Time Limit: 1000MS		Memory Limit: 10000K
Total Submissions: 82492		Accepted: 39593

Description

How far can you make a stack of cards overhang a table? If you have one card, you can create a maximum overhang of half a card length. (We're assuming that the cards must be perpendicular to the table.) With two cards you can make the top card overhang the bottom one by half a card length, and the bottom one overhang the table by a third of a card length, for a total maximum overhang of 1/2 + 1/3 = 5/6 card lengths. In general you can make n cards overhang by 1/2 + 1/3 + 1/4 + ... + 1/(n + 1) card lengths, where the top card overhangs the second by 1/2, the second overhangs tha third by 1/3, the third overhangs the fourth by 1/4, etc., and the bottom card overhangs the table by 1/(n + 1). This is illustrated in the figure below.

Input

The input consists of one or more test cases, followed by a line containing the number 0.00 that signals the end of the input. Each test case is a single line containing a positive floating-point number c whose value is at least 0.01 and at most 5.20; c will contain exactly three digits.

Output

For each test case, output the minimum number of cards necessary to achieve an overhang of at least c card lengths. Use the exact output format shown in the examples.

Sample Input

1.00
3.71
0.04
5.19
0.00

Sample Output

3 card(s)
61 card(s)
1 card(s)

二、参考代码

    水题，题目大致意思是，给出一个浮点数c，求出使得 不等式 1/2 + 1/3 + ... + 1/(n+1) >= c 成立的最小 n。既然题目已经给出上限是5.20则可以求出，当n>=300(实际小于这个数字)时候，必定可以达到上限要求。故数组长度取得300。

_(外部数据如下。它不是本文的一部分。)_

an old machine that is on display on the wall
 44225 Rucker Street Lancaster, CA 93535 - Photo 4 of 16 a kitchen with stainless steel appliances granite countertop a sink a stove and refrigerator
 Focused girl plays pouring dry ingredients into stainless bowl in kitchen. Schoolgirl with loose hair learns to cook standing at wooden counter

    此处也可以用二分查找，但是由于数组长度很短，时间上不会有太大的差别。

#include <stdio.h>
int main()
{
    float res[300] = {0,0.5},c;
    int i,num = 0;
    for (i = 2;i< 300;i++)
        res[i] = res[i-1] + 1.0/(i+1); 
    while(scanf("%f",&c) && c)
    {
        for(i = 1;i < 300;i++)
        {
            if(res[i] >= c)
            {
                printf("%d card(s)\n",i);
                break;
            }
        }
    }
    return 0;
}